Fifth Annual Dr. Jacob Bolotin Awards Presented at 2012 Convention
DALLAS, July 5, 2012 /PRNewswire-USNewswire/ -- The National Federation of the Blind (NFB) today presented $80,000 in cash awards to individuals and organizations that have made outstanding contributions toward achieving the full integration of the blind into society on a basis of equality. The fifth annual Dr. Jacob Bolotin Awards honored five innovators in the blindness field at the National Federation of the Blind annual convention in Dallas.
The ten NFB affiliates conducting the Braille Enrichment for Literacy and Learning (BELL) program this summer were given a joint award in the amount of $30,000 for their critically important work bringing Braille and literacy into the lives of low-vision children and their parents. The DAISY Consortium was awarded $20,000 for its solid record of accomplishment in making reading accessible to the blind. A $15,000 award was given to Baker & Taylor for its industry-leading example in making its e-book products accessible. Henry "Hoby" Wedler was awarded $10,000 for his extraordinary work in making chemistry accessible to the blind, and Ann Cunningham was awarded $5,000 for her efforts in tearing down the barriers to art appreciation and participation by the blind.

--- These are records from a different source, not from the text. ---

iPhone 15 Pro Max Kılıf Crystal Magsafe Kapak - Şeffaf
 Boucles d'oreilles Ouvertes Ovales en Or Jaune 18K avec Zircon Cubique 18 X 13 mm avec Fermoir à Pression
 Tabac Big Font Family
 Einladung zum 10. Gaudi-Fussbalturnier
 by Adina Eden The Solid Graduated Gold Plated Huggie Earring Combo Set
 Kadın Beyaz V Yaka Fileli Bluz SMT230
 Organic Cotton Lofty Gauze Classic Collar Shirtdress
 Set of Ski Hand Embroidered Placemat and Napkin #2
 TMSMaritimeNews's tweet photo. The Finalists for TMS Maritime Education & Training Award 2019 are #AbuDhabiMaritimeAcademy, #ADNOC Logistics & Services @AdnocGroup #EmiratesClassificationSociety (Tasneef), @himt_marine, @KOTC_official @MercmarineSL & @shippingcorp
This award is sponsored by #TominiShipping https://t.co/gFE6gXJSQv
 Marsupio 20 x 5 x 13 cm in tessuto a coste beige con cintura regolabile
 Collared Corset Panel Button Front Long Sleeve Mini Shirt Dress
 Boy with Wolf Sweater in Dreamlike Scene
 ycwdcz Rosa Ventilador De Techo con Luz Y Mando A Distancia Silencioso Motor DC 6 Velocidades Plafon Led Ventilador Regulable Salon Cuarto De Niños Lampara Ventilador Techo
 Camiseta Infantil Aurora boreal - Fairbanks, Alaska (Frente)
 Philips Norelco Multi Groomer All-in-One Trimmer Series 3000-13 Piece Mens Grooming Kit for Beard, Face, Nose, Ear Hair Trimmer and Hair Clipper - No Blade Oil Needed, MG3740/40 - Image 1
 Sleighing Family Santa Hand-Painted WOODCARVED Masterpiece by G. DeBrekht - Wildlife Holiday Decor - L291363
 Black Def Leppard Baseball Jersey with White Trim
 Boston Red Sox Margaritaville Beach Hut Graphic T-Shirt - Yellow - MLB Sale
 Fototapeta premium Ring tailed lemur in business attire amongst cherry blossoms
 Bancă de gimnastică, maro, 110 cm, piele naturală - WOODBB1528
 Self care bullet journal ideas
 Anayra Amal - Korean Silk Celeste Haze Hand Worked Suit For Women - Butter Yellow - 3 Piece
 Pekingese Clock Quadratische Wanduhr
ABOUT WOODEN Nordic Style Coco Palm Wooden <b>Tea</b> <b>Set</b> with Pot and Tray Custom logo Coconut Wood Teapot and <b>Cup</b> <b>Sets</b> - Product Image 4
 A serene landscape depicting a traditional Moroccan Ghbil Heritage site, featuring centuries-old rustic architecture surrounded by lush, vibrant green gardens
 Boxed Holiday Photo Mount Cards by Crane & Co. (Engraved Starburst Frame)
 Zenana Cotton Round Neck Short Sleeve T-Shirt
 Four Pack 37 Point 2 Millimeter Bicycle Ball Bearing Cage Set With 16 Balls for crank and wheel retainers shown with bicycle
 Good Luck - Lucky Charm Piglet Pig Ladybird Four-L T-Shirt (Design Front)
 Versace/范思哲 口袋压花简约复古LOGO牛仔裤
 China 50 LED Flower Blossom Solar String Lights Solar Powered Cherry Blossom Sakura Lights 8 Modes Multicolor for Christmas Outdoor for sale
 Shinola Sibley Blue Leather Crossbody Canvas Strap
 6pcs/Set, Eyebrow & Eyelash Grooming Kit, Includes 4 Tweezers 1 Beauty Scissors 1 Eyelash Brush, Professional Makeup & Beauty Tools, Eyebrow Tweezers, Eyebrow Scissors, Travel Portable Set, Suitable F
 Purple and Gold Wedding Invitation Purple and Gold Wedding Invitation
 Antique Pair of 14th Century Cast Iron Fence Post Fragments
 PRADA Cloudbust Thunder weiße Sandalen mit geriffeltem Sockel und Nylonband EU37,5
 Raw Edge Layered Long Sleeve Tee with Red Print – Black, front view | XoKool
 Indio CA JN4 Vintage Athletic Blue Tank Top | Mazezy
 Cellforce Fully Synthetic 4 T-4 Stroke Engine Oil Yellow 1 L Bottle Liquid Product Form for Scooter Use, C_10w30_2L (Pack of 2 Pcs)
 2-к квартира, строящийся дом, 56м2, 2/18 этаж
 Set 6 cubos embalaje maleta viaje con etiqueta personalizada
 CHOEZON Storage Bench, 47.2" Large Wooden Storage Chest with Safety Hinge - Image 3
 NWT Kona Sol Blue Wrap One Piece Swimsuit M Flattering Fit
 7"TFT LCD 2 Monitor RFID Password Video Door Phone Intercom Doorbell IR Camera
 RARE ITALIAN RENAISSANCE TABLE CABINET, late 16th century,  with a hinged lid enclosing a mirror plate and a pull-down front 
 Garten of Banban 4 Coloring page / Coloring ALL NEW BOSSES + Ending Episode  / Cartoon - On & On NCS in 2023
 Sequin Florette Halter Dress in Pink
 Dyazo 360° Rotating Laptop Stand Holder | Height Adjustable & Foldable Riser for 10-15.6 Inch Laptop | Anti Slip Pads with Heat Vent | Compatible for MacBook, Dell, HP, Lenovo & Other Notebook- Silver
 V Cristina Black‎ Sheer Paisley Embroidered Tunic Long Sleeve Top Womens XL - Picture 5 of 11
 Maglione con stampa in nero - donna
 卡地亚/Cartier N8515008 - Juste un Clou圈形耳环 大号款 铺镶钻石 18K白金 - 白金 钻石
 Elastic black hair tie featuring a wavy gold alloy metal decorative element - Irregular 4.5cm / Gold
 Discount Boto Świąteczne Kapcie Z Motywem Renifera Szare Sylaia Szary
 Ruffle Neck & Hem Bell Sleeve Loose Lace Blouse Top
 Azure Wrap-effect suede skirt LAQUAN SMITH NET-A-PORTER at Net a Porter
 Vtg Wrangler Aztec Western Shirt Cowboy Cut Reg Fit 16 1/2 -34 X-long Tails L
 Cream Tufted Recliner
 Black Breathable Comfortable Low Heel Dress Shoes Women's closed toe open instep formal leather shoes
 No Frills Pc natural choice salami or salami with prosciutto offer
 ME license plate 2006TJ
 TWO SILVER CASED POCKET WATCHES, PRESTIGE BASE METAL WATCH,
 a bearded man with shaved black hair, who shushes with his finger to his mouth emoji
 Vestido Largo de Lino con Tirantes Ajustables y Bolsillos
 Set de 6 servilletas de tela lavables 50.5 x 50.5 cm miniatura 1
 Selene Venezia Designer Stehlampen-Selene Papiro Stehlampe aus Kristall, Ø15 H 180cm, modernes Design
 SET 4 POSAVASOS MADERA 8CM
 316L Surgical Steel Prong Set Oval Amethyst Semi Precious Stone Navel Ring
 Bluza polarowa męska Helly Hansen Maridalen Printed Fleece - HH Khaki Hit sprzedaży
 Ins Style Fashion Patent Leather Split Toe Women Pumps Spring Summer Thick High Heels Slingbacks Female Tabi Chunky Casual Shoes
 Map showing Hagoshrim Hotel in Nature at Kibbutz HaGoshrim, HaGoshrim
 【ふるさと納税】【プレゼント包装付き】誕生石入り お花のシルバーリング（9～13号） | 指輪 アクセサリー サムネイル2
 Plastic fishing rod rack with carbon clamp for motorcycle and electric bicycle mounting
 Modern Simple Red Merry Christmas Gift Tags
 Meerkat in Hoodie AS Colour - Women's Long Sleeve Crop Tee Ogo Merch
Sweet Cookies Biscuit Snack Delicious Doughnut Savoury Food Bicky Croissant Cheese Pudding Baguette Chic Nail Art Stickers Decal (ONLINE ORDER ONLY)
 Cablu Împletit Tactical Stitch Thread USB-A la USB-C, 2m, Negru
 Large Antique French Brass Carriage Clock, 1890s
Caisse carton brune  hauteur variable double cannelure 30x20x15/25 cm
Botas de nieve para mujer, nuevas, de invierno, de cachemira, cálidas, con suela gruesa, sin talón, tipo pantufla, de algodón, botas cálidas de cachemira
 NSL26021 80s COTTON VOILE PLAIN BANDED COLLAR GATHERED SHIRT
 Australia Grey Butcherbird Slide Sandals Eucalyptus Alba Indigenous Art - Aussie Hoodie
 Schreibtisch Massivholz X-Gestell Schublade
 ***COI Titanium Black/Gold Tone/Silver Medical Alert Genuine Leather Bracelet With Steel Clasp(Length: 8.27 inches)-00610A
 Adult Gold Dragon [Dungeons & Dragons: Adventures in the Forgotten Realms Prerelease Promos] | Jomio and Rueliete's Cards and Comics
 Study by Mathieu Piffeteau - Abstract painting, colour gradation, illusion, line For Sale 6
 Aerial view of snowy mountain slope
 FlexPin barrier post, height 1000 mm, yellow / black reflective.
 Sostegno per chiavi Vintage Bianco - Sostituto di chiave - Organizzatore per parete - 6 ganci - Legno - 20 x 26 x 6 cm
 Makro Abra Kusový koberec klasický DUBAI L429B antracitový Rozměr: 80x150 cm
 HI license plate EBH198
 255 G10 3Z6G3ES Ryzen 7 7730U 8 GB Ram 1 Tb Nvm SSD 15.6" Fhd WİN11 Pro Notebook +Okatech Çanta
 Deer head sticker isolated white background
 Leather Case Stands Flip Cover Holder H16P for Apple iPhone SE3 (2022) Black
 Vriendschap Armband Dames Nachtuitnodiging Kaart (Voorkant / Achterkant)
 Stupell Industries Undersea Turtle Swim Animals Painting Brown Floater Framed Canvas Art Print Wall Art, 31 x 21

Dr. Jacob Bolotin, the namesake of the award program, was a blind physician who lived and practiced in Chicago in the early twentieth century. He was widely known and respected in Chicago and throughout the Midwest during his career, which spanned the period from 1912 until his untimely death at the age of thirty-six in 1924. He was particularly recognized for his expertise on diseases of the heart and lungs. Bolotin used his many public speaking engagements to advocate for the employment of the blind and their full integration into society.
Dr. Marc Maurer, President of the National Federation of the Blind, said: "Dr. Jacob Bolotin was a pioneer who overcame low expectations and discrimination to become a renowned member of the medical profession without the benefit of the support services and civil rights protections available to blind people today. The National Federation of the Blind is proud to honor the memory and spirit of Dr. Bolotin by recognizing and financially supporting those who are doing exceptional work to help achieve the shared dream of Dr. Bolotin and the National Federation of the Blind—a society where the blind are treated as productive, independent, and equal citizens."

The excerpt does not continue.